Конечно, Черчилль понимал, что, сражаясь с фашизмом, Сталин делал для цивилизованного мира ту необходимую и трудную работу, которая была благом для всего человечества, но сам Черчилль не намеревался облегчать миссию Сталина и в этот момент не собирался воевать с Германией, активно помогая Советскому Союзу. Вместе с тем, пишет В.Г. Трухановский, в случае победы Гитлера британский премьер «прекрасно отдавал себе отчет в том, что, оставаясь в одиночестве, Англия обречена на неминуемое и быстрое поражение».
Но дело не только в коварстве и обдуманности эгоистических маневров английского лидера. Черчилль знал, что Британская империя была не готова к войне, и, кроме того, премьера пугала внутриполитическая опасность. Еще в 1940 году Черчилль писал Рузвельту: «… в борьбе может наступить такой момент… для Британского острова», когда «для заключения мира будет, несомненно, создано прогерманское правительство, которое может предложить вниманию протрясенной и голодающей (из-за немецкой блокады морских путей. – К. Р. ) страны доводы почти неотразимой силы в пользу полного подчинения воле нацистов».

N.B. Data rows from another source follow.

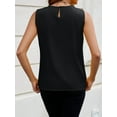 thumbnail image 6 of Women'S Silk Satin Tank Top Summer Business Casual Outfit 2025 Sleeveless Work Dressy Shirt Black XXL, 6 of 7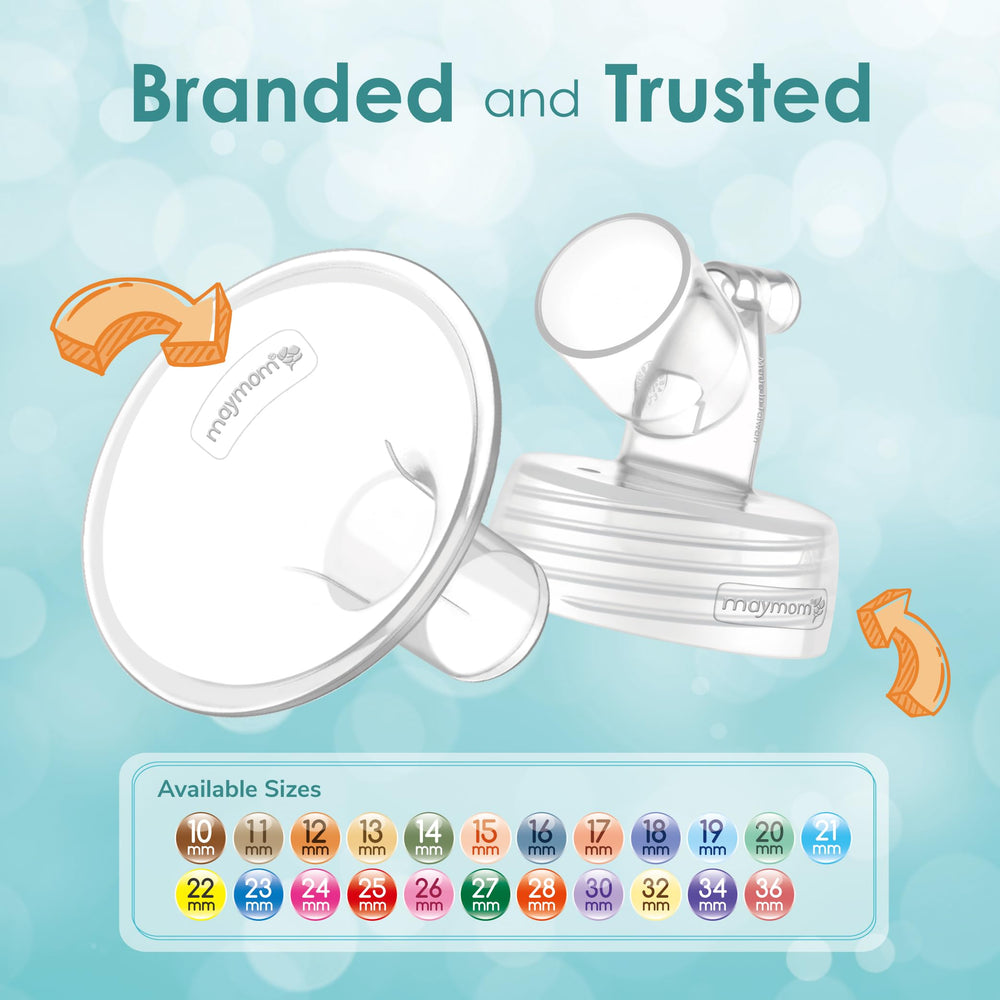 Maymom wide-mouth connectors 2-pack displayed for easy assembly and cleaning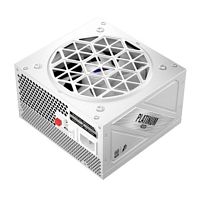 1STPLAYER NGDP Platinum 1000W White / ATX3.0, APFC, 80 PLUS Platinum, SR + LLC + DC-DC, 120mm fan, full modular / HA-1000BA3-WH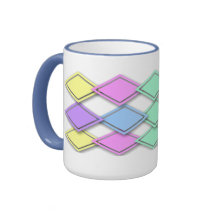 Pastel Diamond Pattern Mugs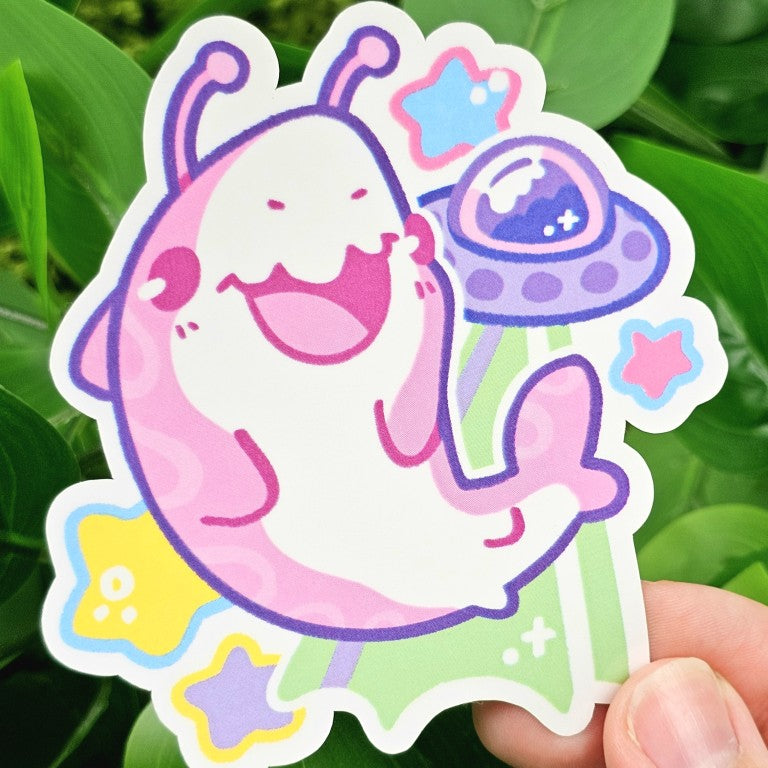 Alien Shark Stickers!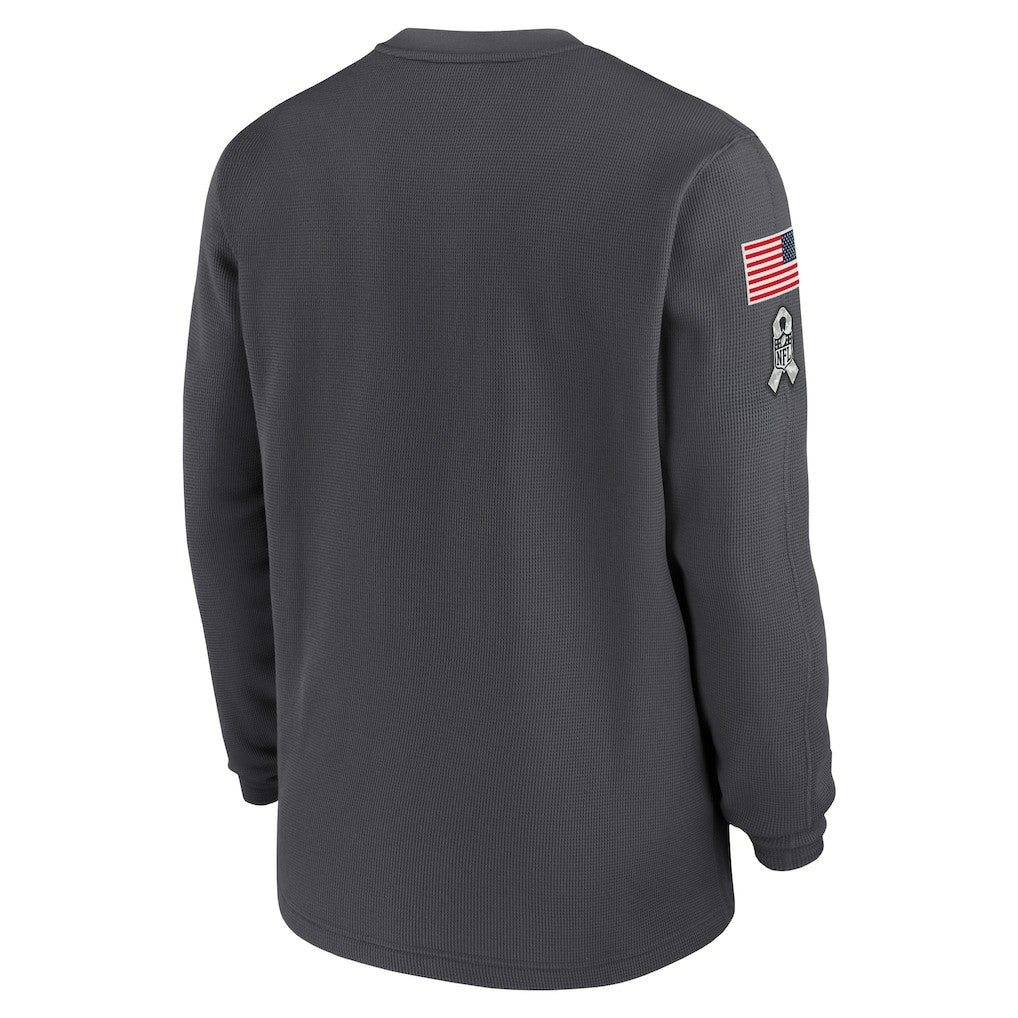 Dallas Cowboys 2024 Salute To Service Long Sleeve T-Shirt Anthracite - Nike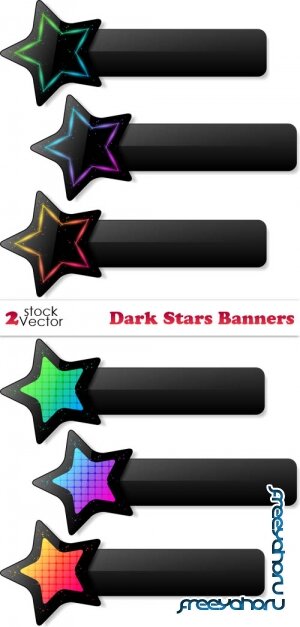 Vectors - Dark Stars Banners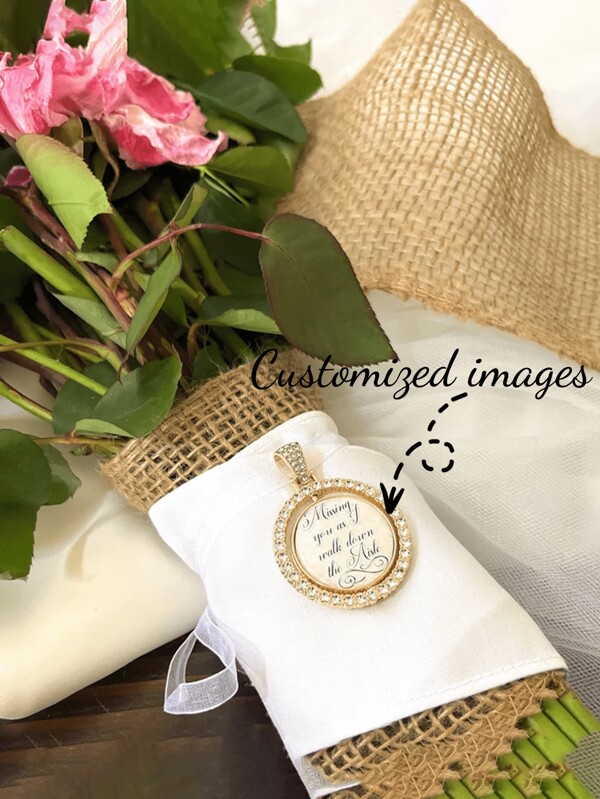 1 Corona floreale personalizzata a mano, profumo affascinante, immagine personalizzabile reversibile che può ruotare, abbinata a un nastro per legare il profumo, regalo creativo per matrimoni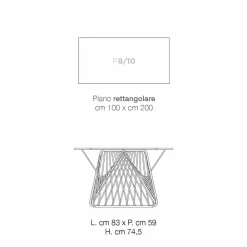 Viadurini Living Esstische-Moderner Designtisch aus gehärtetem Glas, hergestellt in Italien, Mitia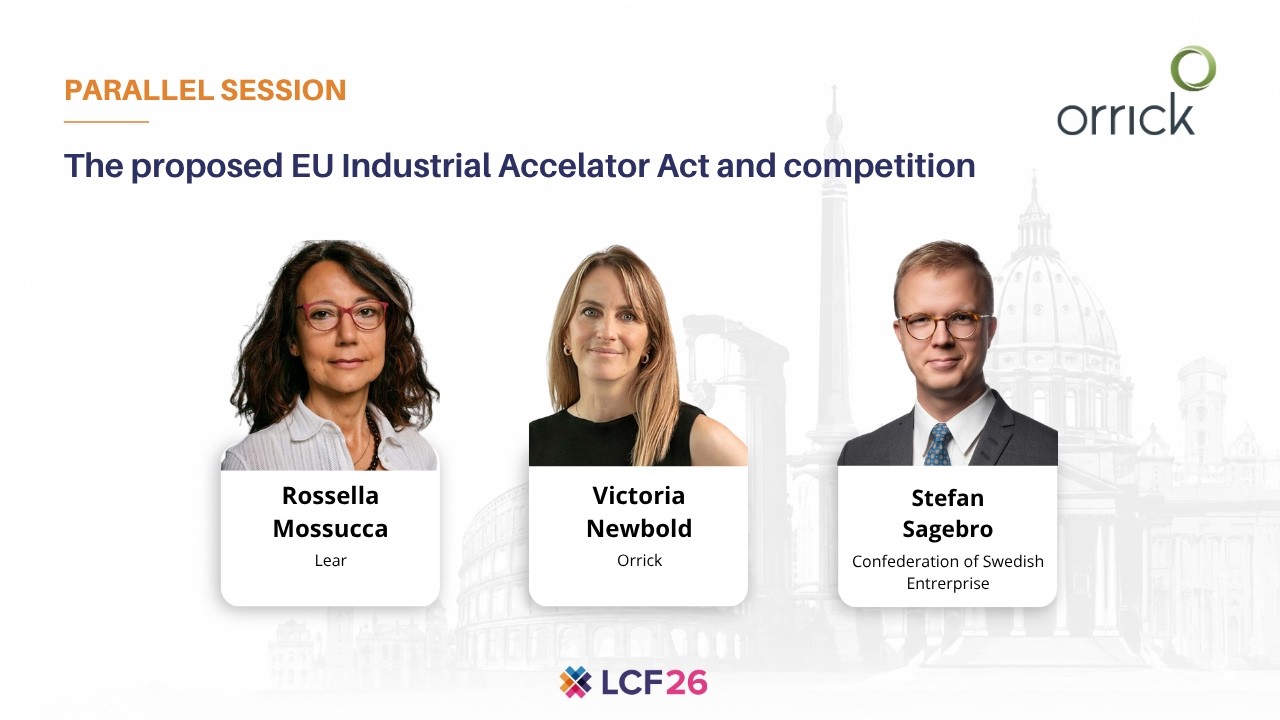 LCF26 | The proposed EU Industrial Accelator Act and competition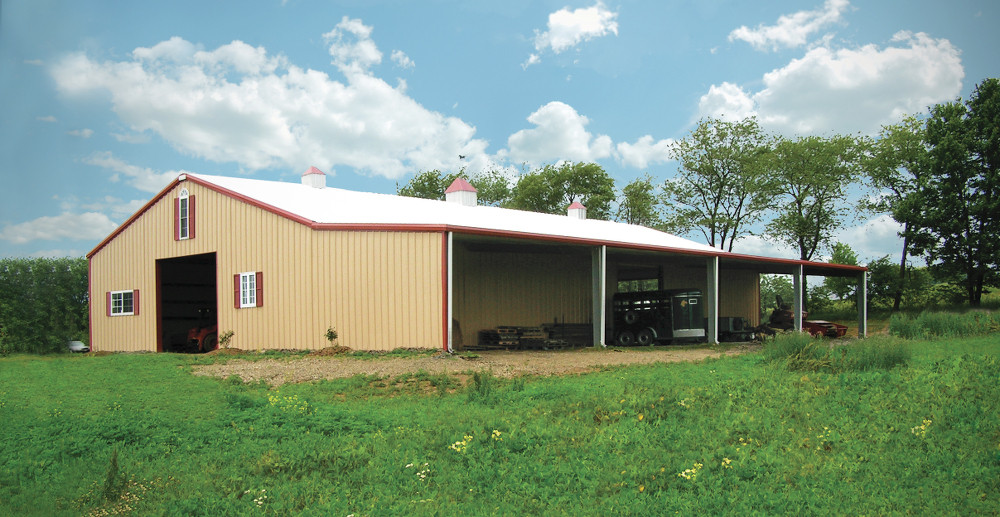 China Customized Agricultural Steel Buildings Hay Barn With Steel Wall And Roof 0.7mm PPGI wholesale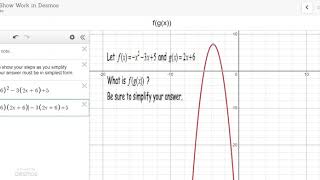 Desmos How to Show Work: Composition of Functions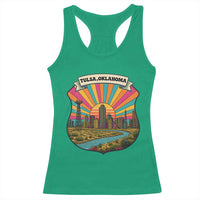 Route Highway 66 Tulsa Oklahoma Racerback Tank Top Mother Road Travel Gift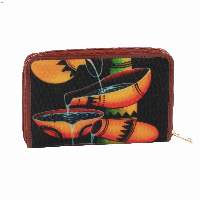 Wallets with front pouch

Взвесив все эти «за» и «против», умный, хитрый и трезвый политик, он отправился к Сталину, чтобы сгладить негативное впечатление от своего отказа в открытии второго фронта. Но он нервничал: «Я чувствовал себя человеком, который вез огромную льдину на Северный полюс». Однако он боялся потерять союзника в лице СССР и рассчитывал при личной встрече со Сталиным «по крайней мере… показать, что мне не безразличны их несчастья и что я понимаю значение их борьбы в этой войне».
Впрочем, Черчиллем двигало еще и любопытство – он хотел увидеть этого загадочного русского «диктатора», не дрогнувшего перед германской военной машиной и от которого теперь зависело будущее Англии. Впоследствии Черчилль испытывал восхищение перед Сталиным. Его покорила уверенность русского вождя. Он оценил твердость, смелость и взвешенность суждений этого человека, не стеснявшегося говорить ему, Черчиллю, воспитанному на классике британской политической школы, очевидные неприятные колкости, сглаживая их оскорбительную остроту прямотой жеста и товарищеской откровенности.
Первая встреча в Кремле состоялась 12 августа 1942 года, в 7 часов вечера. «Я… – пишет Черчилль, – впервые встретился с великим революционным вождем и мудрым русским государственным деятелем и воином, с которым в течение следующих лет мне предстояло поддерживать близкие, суровые, но всегда волнующие, а иногда даже сердечные отношения. Наше совещание продолжалось около четырех часов… Первые два часа были унылыми и мрачными. Я сразу же начал с вопроса о втором фронте, заявив, что хочу говорить откровенно и хотел бы, чтобы Сталин тоже проявил полную откровенность».